High-Sensitivity GPS is an allied technology that addresses some of these issues in a way that does not require additional infrastructure. However, unlike some forms of A-GPS, high-sensitivity GPS cannot provide a fix instantaneously when the GPS receiver has been off for some time.

==Standards==
A-GPS protocols are part of Positioning Protocol defined by two different standardization bodies, 3GPP and Open Mobile Alliance (OMA).
- Control Plane Protocol
 Defined by the 3GPP for various generations of mobile phone systems. These protocols are defined for circuit switched networks. The following positioning protocols have been defined.
- RRLP – 3GPP defined RRLP (Radio Resource Location Protocol) to support positioning protocol on GSM networks.
- TIA 801 – CDMA2000 family defined this protocol for CDMA 2000 networks.
- RRC position protocol – 3GPP defined this protocol as part of the RRC standard for UMTS network.
- LPP – 3GPP defined LPP or LTE positioning protocol for LTE networks.
- User Plane Protocol
Defined by the OMA to support positioning protocols in packet switched networks. Three generations of Secure User Plane Location (SUPL) protocol have been defined, from version 1.0 to 3.0.

=== SUPL ===
The SUPL (Secure User Plane Location) protocol, unlike its control-plane equivalents restricted to mobile networks, runs on the Internet's TCP/IP infrastructure.
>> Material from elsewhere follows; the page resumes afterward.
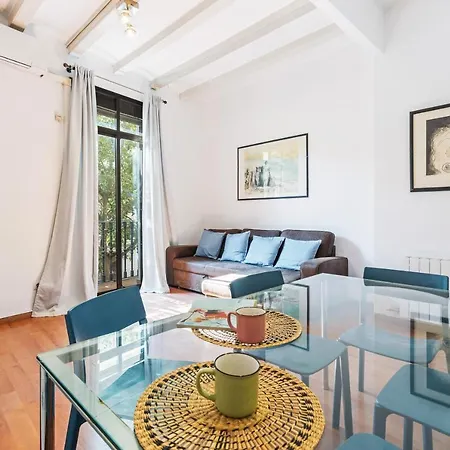 Apartment Fridays Flats Charming In Clot Barcelona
Consequently, its application extends beyond the original intended use of mobile devices and may be used by general-purpose computers. SUPL 3.0 legitimizes such use by adding admission for WLAN and broadband connections.

Actions defined by SUPL 3.0 include a wide range of services like geofencing and billing. The A-GNSS functions are defined in the SUPL Positioning Functional Group. It includes:
- SUPL Assistance Delivery Function (SADF), which provides the basic information sent to the device in both A-GNSS modes.
- SUPL Reference Retrieval Function (SRRF), which tells the server to prepare the information mentioned above by receiving from the satellites.
- SUPL Position Calculation Function (SPCF), which lets the client or the server ask for the client's location. The server-generated location may result from MSA or from mobile cell. If a MSB (SET based) mode is used, the client reports its location to the server instead.

The specifics of communication is defined in the ULP (Userplane Location Protocol) substandard of SUPL suite. As of December 2018, GNSS systems supported include GPS, Galileo, GLONASS, and BeiDou.

=== PSDS ===
The PSDS (Predicted Satellite Data Service) is a general term for vendor-specific services that provide almanac data that is effective for an extended time (e.g. 7 days), enabling offline A-GPS. Hardware manufacturers such as Qualcomm (gpsOneXTRA), Samsung, and Broadcom each run their own servers and use their own data formats. GrapheneOS runs a caching proxy for these services to help mask user identity.